THE TASK:
Retype the material that follows exactly, limited to the lines from the one with "boy with towel" through the one with "Figure 4 — The", and keep out all pictures.

SUPPLIED RECORDS:
<<<<
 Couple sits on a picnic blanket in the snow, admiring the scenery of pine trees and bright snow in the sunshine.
>>>>
<<<<
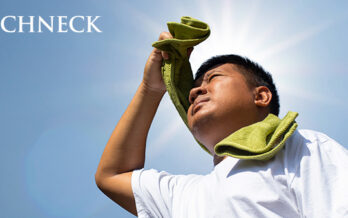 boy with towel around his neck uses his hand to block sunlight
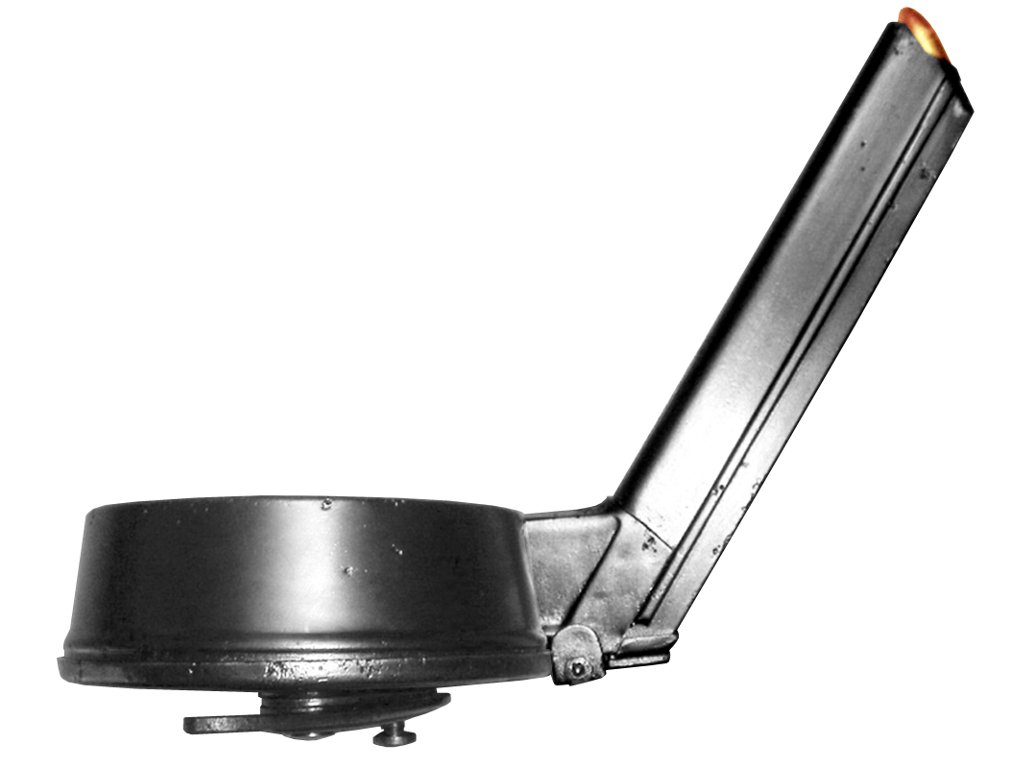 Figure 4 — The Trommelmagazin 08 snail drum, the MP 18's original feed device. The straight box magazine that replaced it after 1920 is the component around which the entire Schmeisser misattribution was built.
>>>>
SOLVED EXERCISE:
 boy with towel around his neck uses his hand to block sunlight
 Figure 4 — The Trommelmagazin 08 snail drum, the MP 18's original feed device. The straight box magazine that replaced it after 1920 is the component around which the entire Schmeisser misattribution was built.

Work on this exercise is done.